Automotive Sensor Technology.

Penny + Giles provides an insight into the sensor technologies
used in the motorsport and heavy-duty automotive applications
- including potentiometer, inductive and Hall Effect.

Displacement sensors are used throughout the automotive industry to
monitor the position of moving parts on a vehicle, providing continual
feedback on the operating conditions. As a result, they allow designers
and engineers to maximise the operation of the vehicle and improve
operator safety.

Automotive applications are typically hostile environments and sensors
have to endure extreme shock, vibration and high temperatures. With
current demands in the motorsport market requiring ultimate reliability
to achieve peak performance, and demands in the heavy duty, off-road
vehicle market for more reliable and long-lasting sensors, it is clear to
see why non-contacting technologies are fast becoming the preferred
choice amongst vehicle designers and OEMS.

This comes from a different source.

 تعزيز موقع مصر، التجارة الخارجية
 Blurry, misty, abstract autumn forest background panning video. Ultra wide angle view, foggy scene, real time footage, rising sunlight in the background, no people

Sensor technologies are chosen to provide optimum performance and
reliability in specific applications.

Potentiometer technology is well established and has provided reliable
position measurement in a wide variety of applications for over 40 years.
Two of the key advantages of this technology are its linear output and the
versatility it derives from its simplicity. It consists of a printed carbon-based
track (or 'hybrid' conductive plastic-on-wire track) with no complex circuitry
or electronics. As such it is not susceptible to electromagnetic interference
or magnetic fields. As a contacting device, it can be susceptible to the
effects of shock and dither vibration and is not always the most appropriate
choice for high intensity use applications, or high dither or vibration induced

The majority of suspension position monitoring on saloon cars, single seat
race cars and motorbikes use hybrid linear potentiometers. They are simple
voltage dividers and don't need any special conditioning electronics - they
simply work off a dc supply and supply a dc signal. In addition, they monitor
in real-time, without any signal lag from electronics, to give an accurate
representation of what the suspension is doing.

In heavy duty applications, linear sensors such as Penny + Giles' SLS320
are used on refuse trucks for sensing the position of the hydraulic rams
that move the lifting arms on front loader and side loader vehicles. Again,
potentiometer technology is used because it is a simple solution without
the need for complex electronics. Rotary sensors are used to monitor the
movement of vehicle pivot points.

Inductive sensors used in the automotive industry are constructed from
one primary and two secondary coils forming a transformer. These work
on the principle of mutual inductance, producing an electrical signal
proportional to a separate moving core. Also known as linear or rotary
variable differential transformers (LVDTs or RVDTs), they are non-contacting
and provide a long operational life which is not affected by vibration.

Inductive sensors, however, require sophisticated signal conditioning electronics
to condition and linearise the coil signal. This complexity is the main reason
why they have been superseded with other non-contact sensors such as those
based on the Hall Effect which generally cost less and are simpler to use.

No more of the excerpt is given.